NextDC has closed the 2018 financial year with a $37 million increase in revenue, posting $161.5 million for the year ended 30 June.
The financials represent a better than expected result, as the company had published a guidance of between $152-158 million of revenue for the year.
“We’re very pleased to report today’s results, with the company achieving FY18 revenue and EBITDA above the top end of its upgraded guidance range," NextDC CEO Craig Scroggie told shareholders.
"These results demonstrate NextDC's continued strong growth and when combined with pro forma liquidity of more than $1 billion, the company is extremely well placed to continue taking advantage of exciting growth opportunities.”
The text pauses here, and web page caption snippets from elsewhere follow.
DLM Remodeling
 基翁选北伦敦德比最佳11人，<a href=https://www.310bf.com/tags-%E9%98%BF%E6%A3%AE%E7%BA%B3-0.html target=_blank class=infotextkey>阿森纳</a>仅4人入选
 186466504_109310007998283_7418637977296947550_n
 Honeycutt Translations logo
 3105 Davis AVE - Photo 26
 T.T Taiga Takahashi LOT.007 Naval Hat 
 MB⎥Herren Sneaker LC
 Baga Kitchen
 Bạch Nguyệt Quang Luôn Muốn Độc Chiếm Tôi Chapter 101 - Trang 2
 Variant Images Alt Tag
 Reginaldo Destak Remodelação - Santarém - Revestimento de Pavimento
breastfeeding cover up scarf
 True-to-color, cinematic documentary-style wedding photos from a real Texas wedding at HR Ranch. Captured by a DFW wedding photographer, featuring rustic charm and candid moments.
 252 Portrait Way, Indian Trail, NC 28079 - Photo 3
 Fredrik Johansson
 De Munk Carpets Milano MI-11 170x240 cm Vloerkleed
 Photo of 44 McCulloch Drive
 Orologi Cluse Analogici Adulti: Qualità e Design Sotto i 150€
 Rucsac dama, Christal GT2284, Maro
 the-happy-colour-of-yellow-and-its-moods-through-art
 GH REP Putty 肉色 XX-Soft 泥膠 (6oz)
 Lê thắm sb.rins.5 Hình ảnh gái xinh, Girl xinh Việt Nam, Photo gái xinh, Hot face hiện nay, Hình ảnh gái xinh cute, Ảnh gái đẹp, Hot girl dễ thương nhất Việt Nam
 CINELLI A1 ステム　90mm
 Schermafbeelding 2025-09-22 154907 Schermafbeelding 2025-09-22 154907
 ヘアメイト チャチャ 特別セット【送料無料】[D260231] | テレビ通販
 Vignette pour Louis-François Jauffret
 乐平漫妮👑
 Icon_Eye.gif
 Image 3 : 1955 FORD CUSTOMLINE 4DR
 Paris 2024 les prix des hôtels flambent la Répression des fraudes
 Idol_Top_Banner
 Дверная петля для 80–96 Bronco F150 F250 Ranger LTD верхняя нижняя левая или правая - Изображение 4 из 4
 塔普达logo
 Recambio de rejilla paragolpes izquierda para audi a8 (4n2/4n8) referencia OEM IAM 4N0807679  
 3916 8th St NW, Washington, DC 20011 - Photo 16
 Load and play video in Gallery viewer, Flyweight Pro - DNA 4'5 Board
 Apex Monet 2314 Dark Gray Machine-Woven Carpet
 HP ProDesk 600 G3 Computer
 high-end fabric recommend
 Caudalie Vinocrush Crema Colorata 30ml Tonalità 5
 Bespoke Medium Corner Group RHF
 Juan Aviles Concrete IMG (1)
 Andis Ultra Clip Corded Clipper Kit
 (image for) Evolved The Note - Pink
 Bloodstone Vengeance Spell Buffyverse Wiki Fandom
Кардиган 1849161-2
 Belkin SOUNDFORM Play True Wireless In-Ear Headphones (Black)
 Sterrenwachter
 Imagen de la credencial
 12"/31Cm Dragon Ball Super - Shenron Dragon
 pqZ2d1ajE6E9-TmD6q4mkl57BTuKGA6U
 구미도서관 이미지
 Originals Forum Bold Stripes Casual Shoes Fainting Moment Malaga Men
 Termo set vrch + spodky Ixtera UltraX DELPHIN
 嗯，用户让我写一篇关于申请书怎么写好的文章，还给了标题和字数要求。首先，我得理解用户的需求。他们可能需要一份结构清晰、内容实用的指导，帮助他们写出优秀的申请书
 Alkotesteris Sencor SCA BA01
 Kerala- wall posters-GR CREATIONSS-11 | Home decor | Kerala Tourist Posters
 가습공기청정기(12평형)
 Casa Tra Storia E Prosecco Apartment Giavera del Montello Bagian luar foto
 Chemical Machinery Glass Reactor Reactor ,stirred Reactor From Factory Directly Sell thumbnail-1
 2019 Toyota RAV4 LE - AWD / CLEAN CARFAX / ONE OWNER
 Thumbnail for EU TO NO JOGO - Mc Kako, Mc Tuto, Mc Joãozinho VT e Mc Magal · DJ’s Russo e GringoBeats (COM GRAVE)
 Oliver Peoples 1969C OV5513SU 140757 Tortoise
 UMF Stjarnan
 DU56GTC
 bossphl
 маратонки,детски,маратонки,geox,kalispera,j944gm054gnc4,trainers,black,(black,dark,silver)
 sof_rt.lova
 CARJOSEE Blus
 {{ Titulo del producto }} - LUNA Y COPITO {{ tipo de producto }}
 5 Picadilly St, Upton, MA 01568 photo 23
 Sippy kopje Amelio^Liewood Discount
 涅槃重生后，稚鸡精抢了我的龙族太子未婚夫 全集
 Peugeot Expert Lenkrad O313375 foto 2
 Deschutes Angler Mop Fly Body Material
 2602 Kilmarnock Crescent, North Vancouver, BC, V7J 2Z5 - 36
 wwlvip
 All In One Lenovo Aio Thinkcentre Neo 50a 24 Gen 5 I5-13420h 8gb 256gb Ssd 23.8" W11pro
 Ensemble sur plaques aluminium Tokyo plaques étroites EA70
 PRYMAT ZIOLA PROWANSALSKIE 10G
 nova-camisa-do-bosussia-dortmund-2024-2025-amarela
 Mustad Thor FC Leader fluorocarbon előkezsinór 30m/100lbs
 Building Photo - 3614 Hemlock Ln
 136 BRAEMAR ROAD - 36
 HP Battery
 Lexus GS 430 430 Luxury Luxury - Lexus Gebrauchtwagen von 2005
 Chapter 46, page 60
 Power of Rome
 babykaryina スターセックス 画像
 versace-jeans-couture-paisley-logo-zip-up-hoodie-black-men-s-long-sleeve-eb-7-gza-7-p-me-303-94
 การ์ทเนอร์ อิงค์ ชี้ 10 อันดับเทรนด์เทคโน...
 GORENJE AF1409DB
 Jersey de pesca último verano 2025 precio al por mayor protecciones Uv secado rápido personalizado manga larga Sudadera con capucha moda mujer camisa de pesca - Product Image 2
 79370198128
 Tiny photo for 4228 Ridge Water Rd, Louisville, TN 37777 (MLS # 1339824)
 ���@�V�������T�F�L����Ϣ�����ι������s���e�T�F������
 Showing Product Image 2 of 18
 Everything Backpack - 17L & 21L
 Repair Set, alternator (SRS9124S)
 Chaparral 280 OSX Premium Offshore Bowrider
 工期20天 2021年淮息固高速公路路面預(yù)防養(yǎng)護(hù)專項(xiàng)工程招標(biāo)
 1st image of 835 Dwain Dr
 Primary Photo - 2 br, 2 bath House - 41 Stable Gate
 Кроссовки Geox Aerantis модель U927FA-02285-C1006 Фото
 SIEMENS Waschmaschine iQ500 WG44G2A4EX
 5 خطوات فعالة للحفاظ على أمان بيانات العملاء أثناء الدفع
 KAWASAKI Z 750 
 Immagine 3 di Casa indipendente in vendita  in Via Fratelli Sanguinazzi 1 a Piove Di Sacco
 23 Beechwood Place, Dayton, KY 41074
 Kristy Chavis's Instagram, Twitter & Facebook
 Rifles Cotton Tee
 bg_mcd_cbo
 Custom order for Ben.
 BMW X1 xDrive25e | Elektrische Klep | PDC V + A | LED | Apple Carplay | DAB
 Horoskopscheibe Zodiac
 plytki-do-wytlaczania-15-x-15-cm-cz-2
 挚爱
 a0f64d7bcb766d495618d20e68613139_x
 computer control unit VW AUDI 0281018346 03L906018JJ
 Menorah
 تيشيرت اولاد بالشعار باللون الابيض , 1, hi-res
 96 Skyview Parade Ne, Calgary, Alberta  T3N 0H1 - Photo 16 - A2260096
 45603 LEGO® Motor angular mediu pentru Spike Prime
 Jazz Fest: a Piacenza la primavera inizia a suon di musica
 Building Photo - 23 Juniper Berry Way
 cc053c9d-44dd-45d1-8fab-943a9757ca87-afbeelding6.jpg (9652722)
Underlying earnings before interest, tax, depreciation and amortisation (EBITDA) was $62.6 million, a $13.6 million increase from the previous corresponding period.
The data centre provider explained that underlying EBITDA excludes distribution income of $3.2 million from NEXTDC’s 29.2 per cent investment in Asia Pacific Data Centre Group as well as $1.8 million of costs related to the current Asia Pacific Data Centre Group wind up process.
As previously reported, the publicly-listed company called a special shareholder meeting over concerns about the $100 million debt facility 360 Capital Group (ASX:TGP) was seeking on behalf of Asia Pacific Data Centres (APDC) from Bankwest and National Australian Bank (NAB) in December 2017.
The reason for the meeting was to propose the winding up of the APDC Trust, which means realising its assets and distributing the net cash proceeds in order of priority to all members.
“We continue to experience strong demand for NextDC's premium data centre services, with the company experiencing not only strong growth in contracted utilisation, but also adding a record number of more than 2,300 interconnections during FY18," Scroggie added.
"Furthermore, with NEXTDC currently in advanced negotiations in relation to further large customer opportunities, we expect to carry this strong momentum into FY19."
With new accounting standards being introduced from the 2019 financial year on, revenue for FY19 is expected to be between $183-188 million and underlying EBITDA $83-87 million.